The problem with the Berg case is that Berg waited too long to join the real parties (the Secretary of State and the Obama electors); thus the judge can't enter orders until the time to answer has passed. I don't know when that happens--I believe it is likely to be twenty or thirty days after the filing date; and then there will be a hearing.
But what has happened is enough court appearance time with the Judge so that counsel has been made aware that the judge is going to address the issue directly--if Obama has not produced evidence he is eligible, the judge is going to order the Secretary of State to strike him from the ballot and further order the electors not to vote for him.
If I were Obama and thought that would happen the day before the election, I would ignore it on the theory that I was going to win without Pennsylvania. But even a week before the election, it is a problem.
If he is out in Pennsylvania, other states will be forced to look at the legal question. There will be emergency legal proceedings that will get out of control. At best, Obama can't predict what would ultimately happen.

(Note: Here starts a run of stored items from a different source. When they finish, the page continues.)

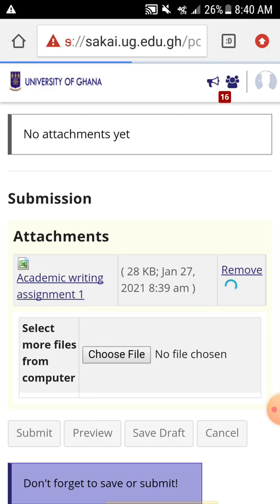Due to some network issues I'll remove it later, then I can upload the real assignment. If this video has been helpful, let me know in the comments. Hit the subscribe and like buttons. Quick Morgan TV is here to help you navigate your University of Ghana life, the online education and everything involved. Thank you for watching.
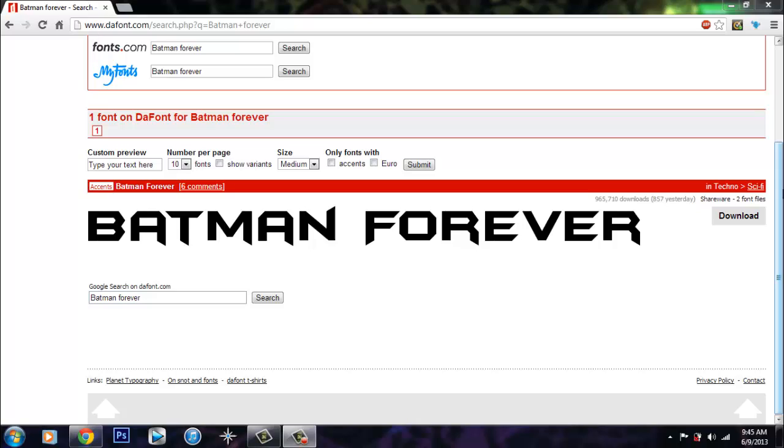Hey what up guys, ExcelscopesXL here, and today I'm going to be showing you guys how to get custom fonts on Sony Vegas Pro and Photoshop CS6 or any other Photoshop and Sony Vegas.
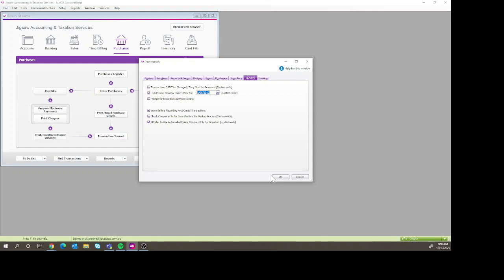So just a little tip with that is then if you do happen to get a transaction that comes through for a locked period, either you can go in and unlock it if that's really what you want to do, but the alternative is you process that transaction on the earliest date that you can that's unlocked. So for example, the 1st of August.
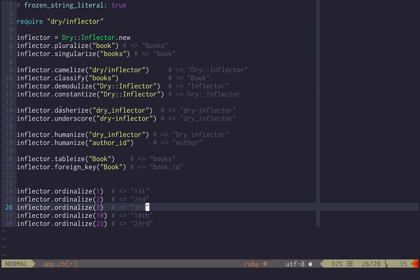And other methods like dasherize, underscore, humanize. We have this convention here that if there is an underscore id, it gets ignored, and so you get just author here.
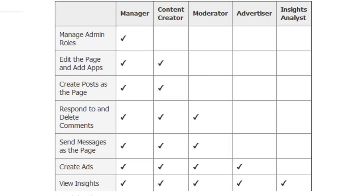In this video, I'm going to show you how you can change the roles of the admins on your Facebook page.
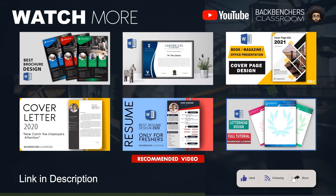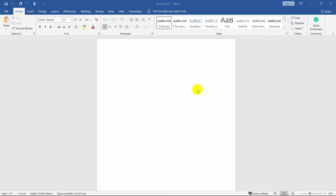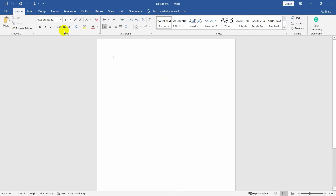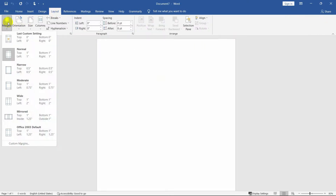So let's get started. Here I am going to use these images to design. Before design, let's set up the page.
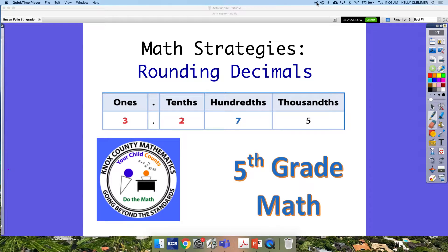Today for our math strategies we are going to be talking about rounding, more specifically rounding decimals. In third and fourth grade you rounded whole numbers and we're going to build upon that foundation. Just know that you're going to be using that same place value reasoning you used for whole numbers to help with decimals.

One of the consequences of having permitted the issue to drag out to the end is that there probably isn't time to have an appeal to the Supreme Court, even on an emergency basis. The objective of an appeal would be to kick the case out on procedural grounds (lack of standing; lack of a case or controversy because Obama might lose the election; lack of proper parties etc.) without having to produce evidence he is qualified under Article II, Sec. 1 and without having an order kicking him off the ballot in Pennsylvania.
That's why he is going to Hawaii. And he needs to gear up local counsel to respond to Martin's action before the Hawaii Supreme Court.
I had assumed that on his earlier vacation in Hawaii, he had dealt with the question of what could be done with the Department of Health files--I assume that is how he got the birth certificate number.
Perhaps not. Or perhaps what was learned is that there is something in the Hawaii birth files that proves he was born in Kenya.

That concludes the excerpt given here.